*** Task input Section Begins ***
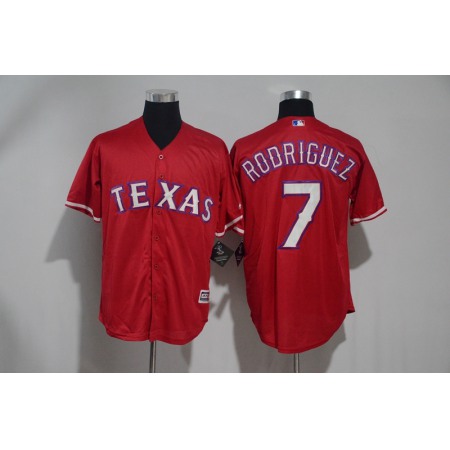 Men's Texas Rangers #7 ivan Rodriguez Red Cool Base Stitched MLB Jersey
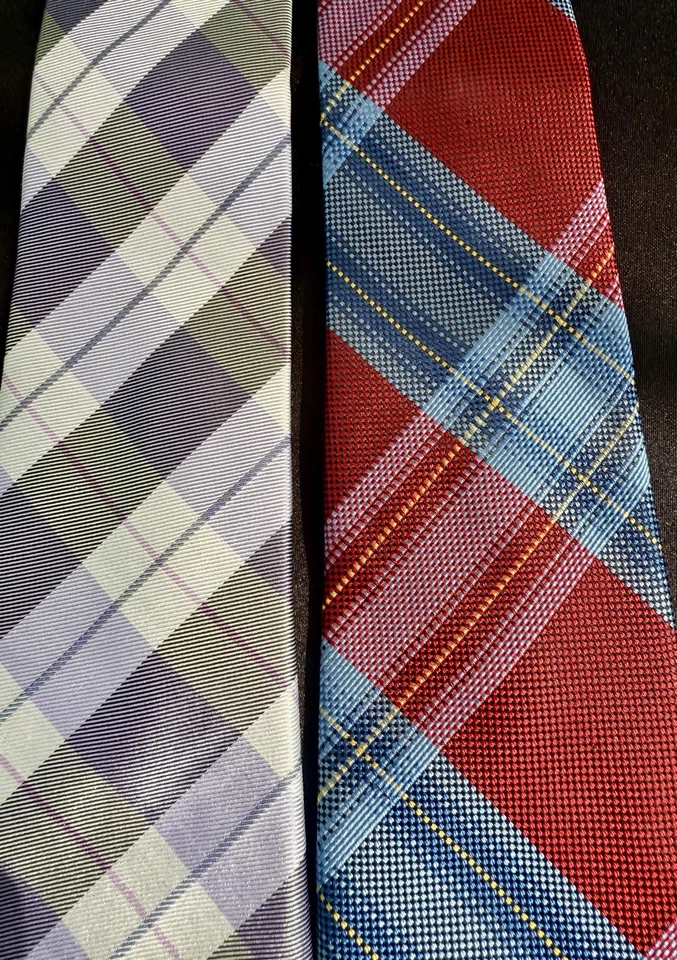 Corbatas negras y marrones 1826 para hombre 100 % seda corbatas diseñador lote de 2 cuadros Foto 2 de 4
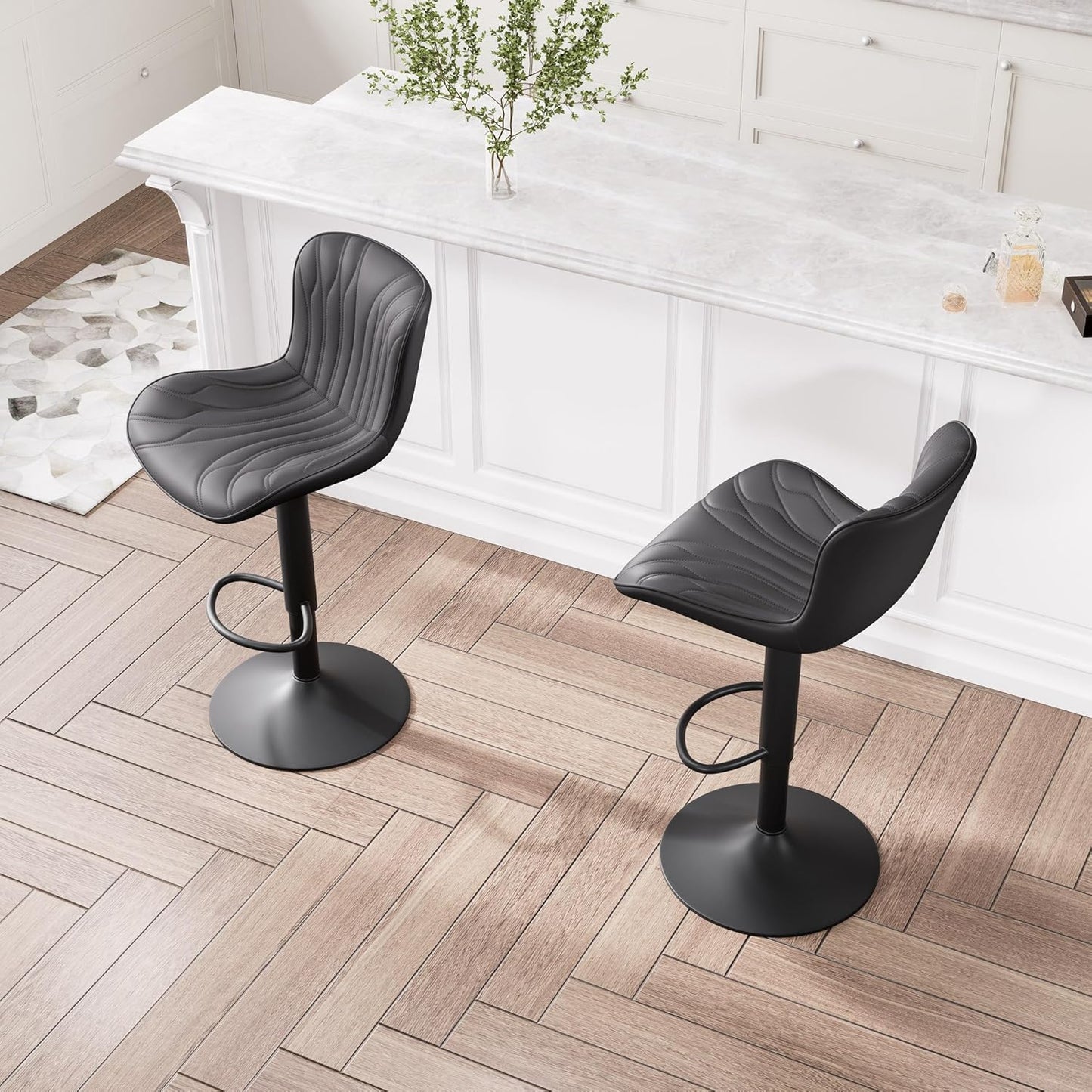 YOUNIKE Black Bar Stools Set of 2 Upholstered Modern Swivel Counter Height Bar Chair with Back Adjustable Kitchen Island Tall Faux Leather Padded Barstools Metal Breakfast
*** Task input Section Ends ***
*** Task input Section Begins ***
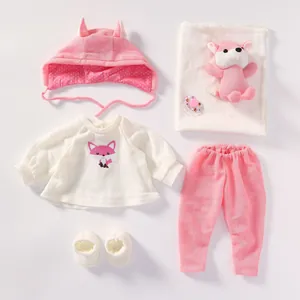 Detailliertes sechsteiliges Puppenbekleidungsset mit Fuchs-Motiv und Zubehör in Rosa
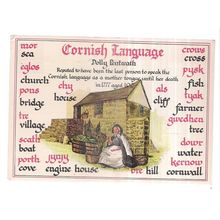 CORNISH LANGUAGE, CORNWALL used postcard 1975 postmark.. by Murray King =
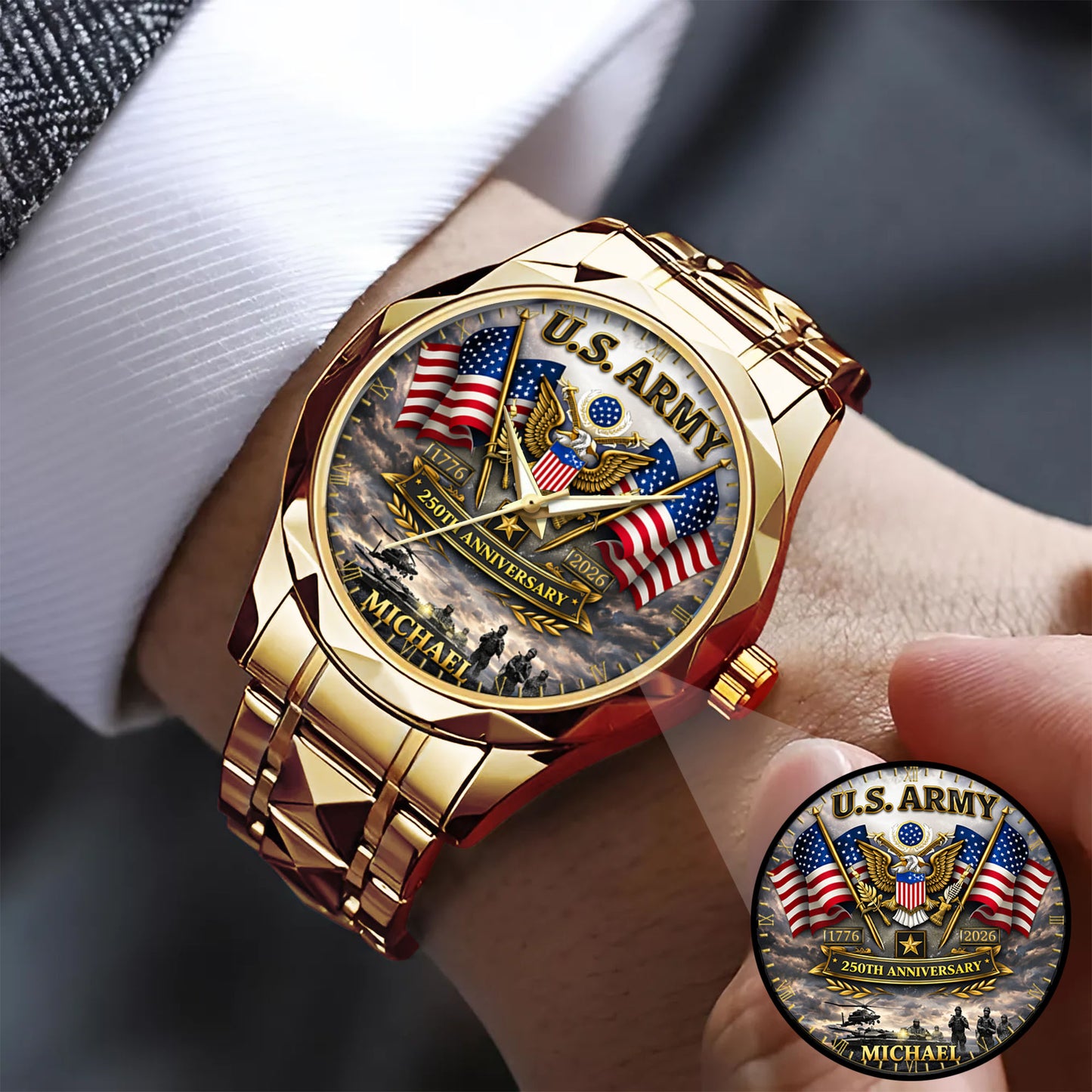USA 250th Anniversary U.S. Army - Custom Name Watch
*** Task input Section Ends ***
Work order:
In the listing above, find the line with "Detailliertes sechsteiliges Puppenbekleidungsset" and the line with "USA 250th Anniversary". Set down both and every line between them, minus the pictures.

Solved exercise:
 Detailliertes sechsteiliges Puppenbekleidungsset mit Fuchs-Motiv und Zubehör in Rosa
 CORNISH LANGUAGE, CORNWALL used postcard 1975 postmark.. by Murray King =
USA 250th Anniversary U.S. Army - Custom Name Watch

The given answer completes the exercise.